National Economic Adviser Previews Trump-Xi G20 Meeting: U.S. Is Strong; ‘China, Not So Good’

China's President Xi Jinping (L) and US President Donald Trump attend a welcome ceremony at the Great Hall of the People in Beijing on November 9, 2017. / AFP PHOTO / FRED DUFOUR (Photo credit should read FRED DUFOUR/AFP/Getty Images)

Larry Kudlow, National Economic Council director, issued tempered optimism on Tuesday as President Trump heads into a G20 Argentina meeting with China to negotiate trade.

Kudlow explained during Tuesday’s White House press briefing that the meeting would be a bilateral dinner meeting involving President Donald Trump and Chinese President Xi Jinping during the G20 summit in Argentina that starts this week.

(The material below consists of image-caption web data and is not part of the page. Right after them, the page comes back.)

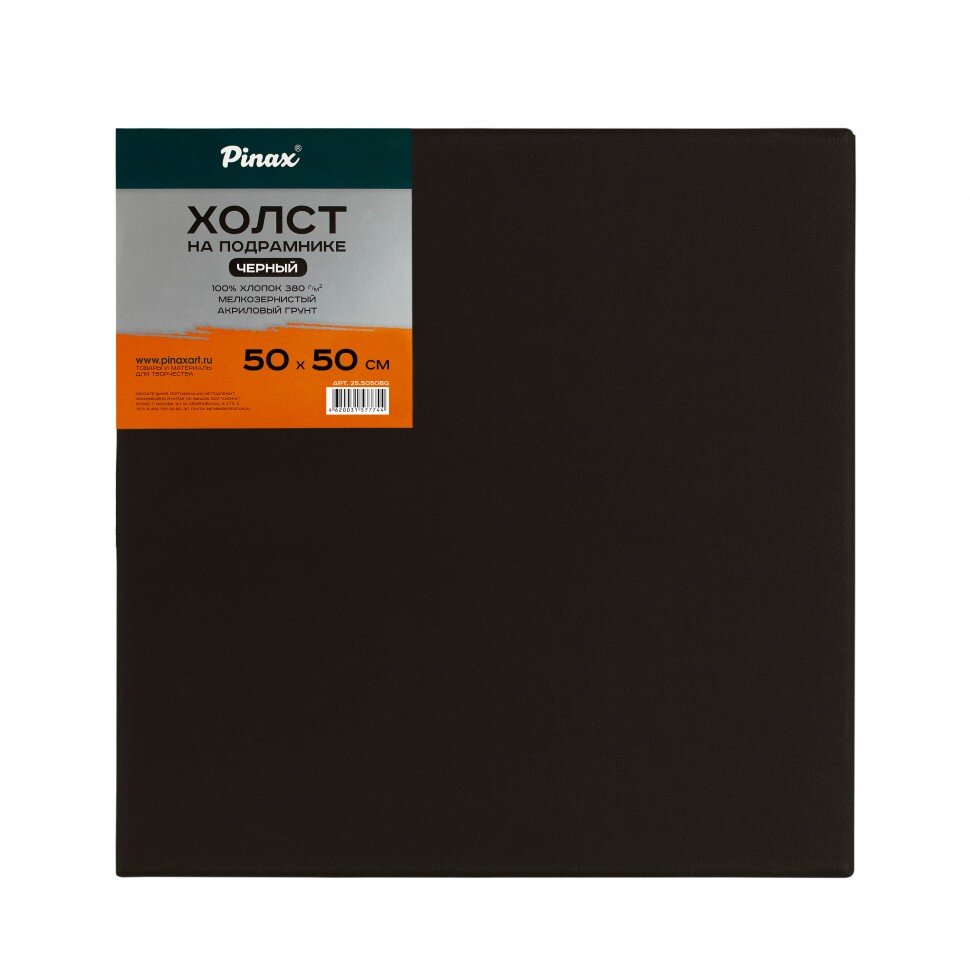Холст на подрамнике 50х50 см, хлопок Пинакс, черный грунт, мелкозернистый, 380 гр/м2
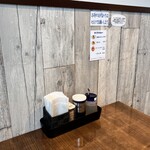 Fishmen - テーブルでーす。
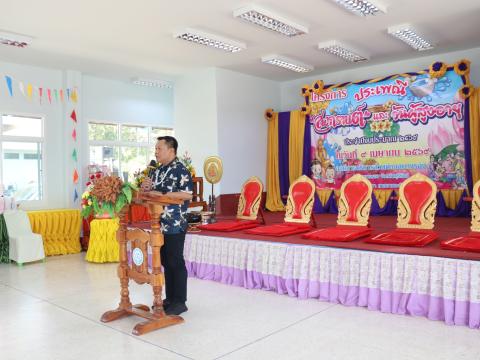 โครงการจัดงานประเพณีสงกรานต์และวันผู้สูงอายุ ประจำปี งบประมาณ 2569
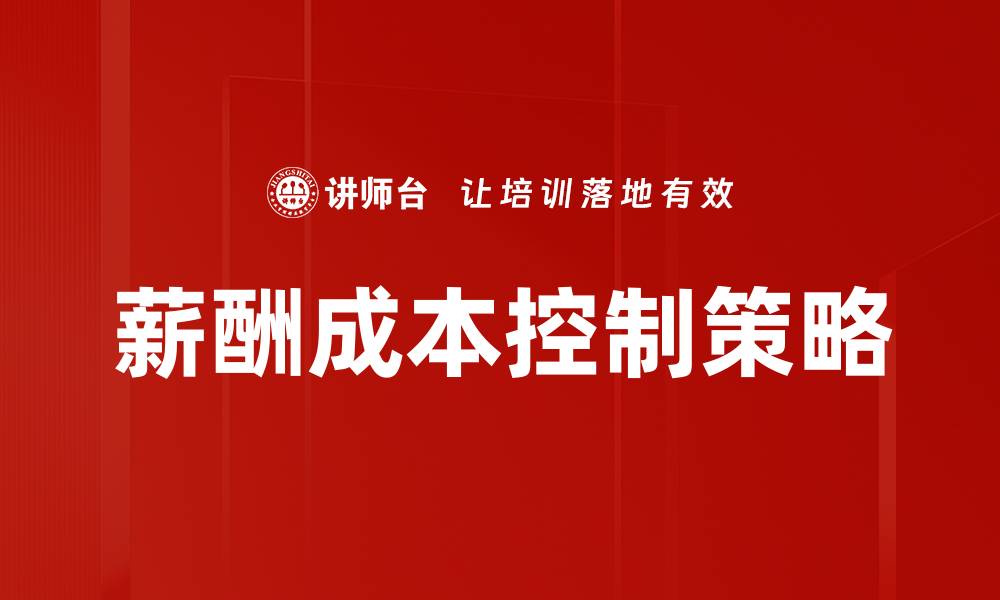 薪酬成本控制策略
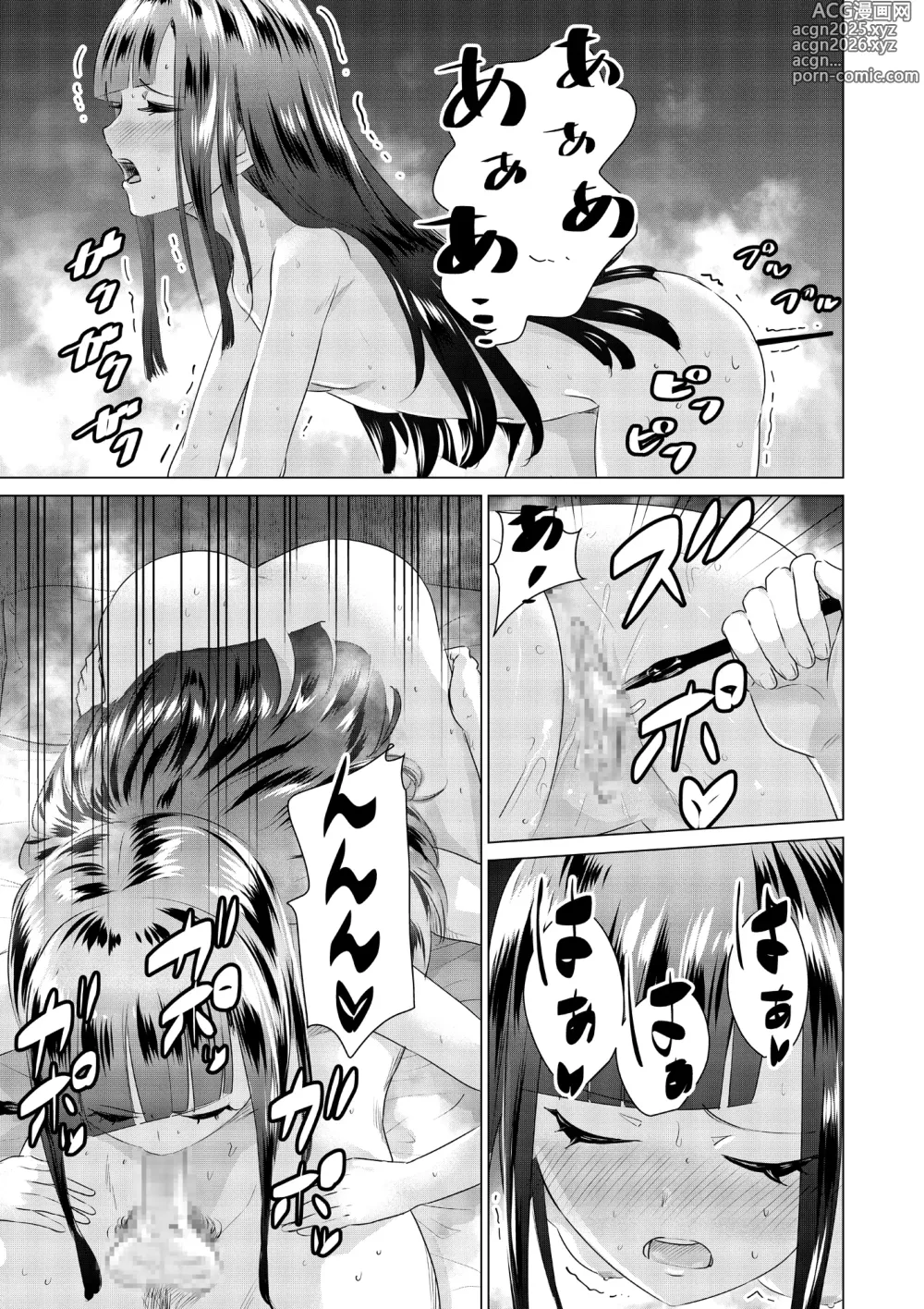 Page 21 of manga SEX AND THE ART vol.02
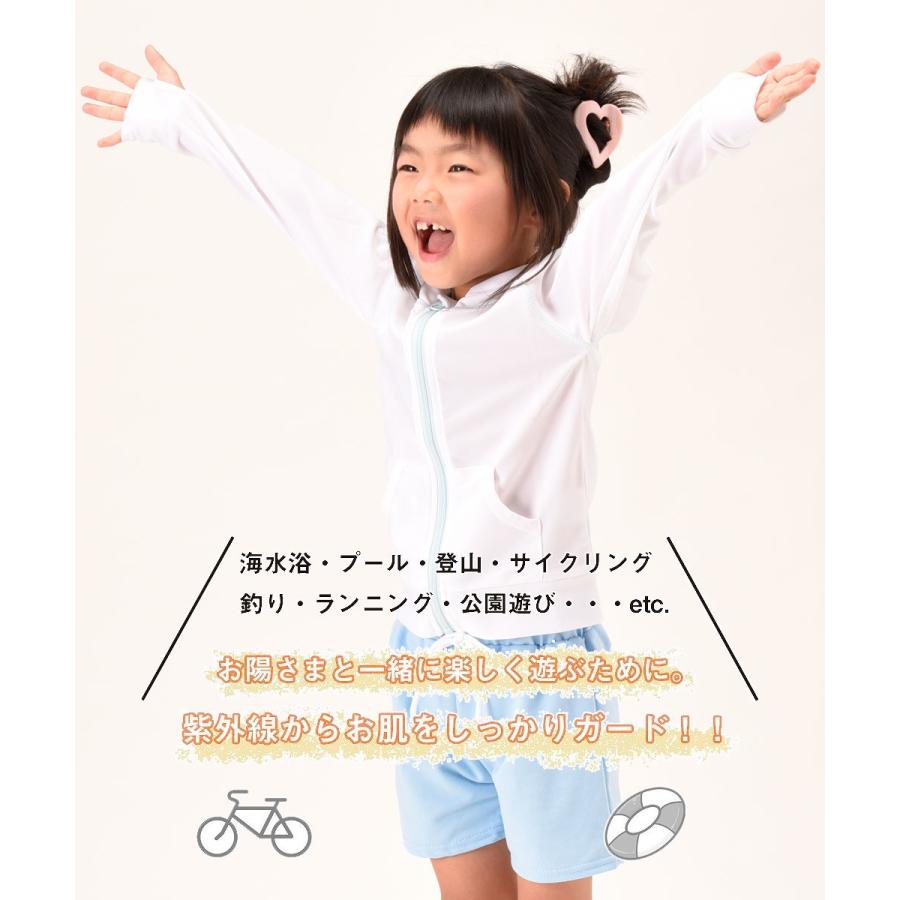 ラッシュガード 子供用 キッズ ジュニア 水着 接触冷感 ひんやり Upf50 シンプル 無地 白 ホワイト 黒 Uvカット 日焼け防止 夏 ジップ プラスナオ Paypayモール店 通販 Paypayモール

Kudlow referred to recent words from President Trump that a good possibility exists that the U.S. and China can forge a trade deal, and Trump is open to it. He then added the caveat that fairness and reciprocity must be a part of the deal. These include specifically solving the problems of Chinese theft of intellectual property, forced technology transfer, significant tariffs and non-tariff barriers, and issues of ownership.

The economic adviser believes President Trump will reiterate the view that a world would have zero tariffs, zero non-tariffs barriers, and zero subsidies.

“Whether they can get through all that remains to be seen,” Kudlow clarified. “But that’s the president’s point of view.” 

The U.S. comes into the G20 strong, while China has been weakened, Kudlow communicated. The U.S. has an average three percent GDP growth over the past year. He added that there has been a strong holiday season already, including strong Black Friday sales numbers. Gas prices are down as well. 

“The U.S. is in good shape. China, not so good,” said Kudlow. “Most observers believe China to be in a slump, whereas the United States is in a very strong, solid position going into this summit.”

Kudlow reiterated Trump’s communication that there is a good chance for a deal, but if the aforementioned conditions are neither met nor dealt with, President Trump will be perfectly happy to stand on the tariff policies he has employed. Kudlow brought up the ten percent tariff on $200 billion in Chinese goods that is scheduled to bump up to 25 percent.

“If things don’t work out in this U.S.-China summit meeting, [President Trump] will invoke another 267 some-odd billion dollars in tariffs,” Kudlow said, citing President Trump’s own recent remarks.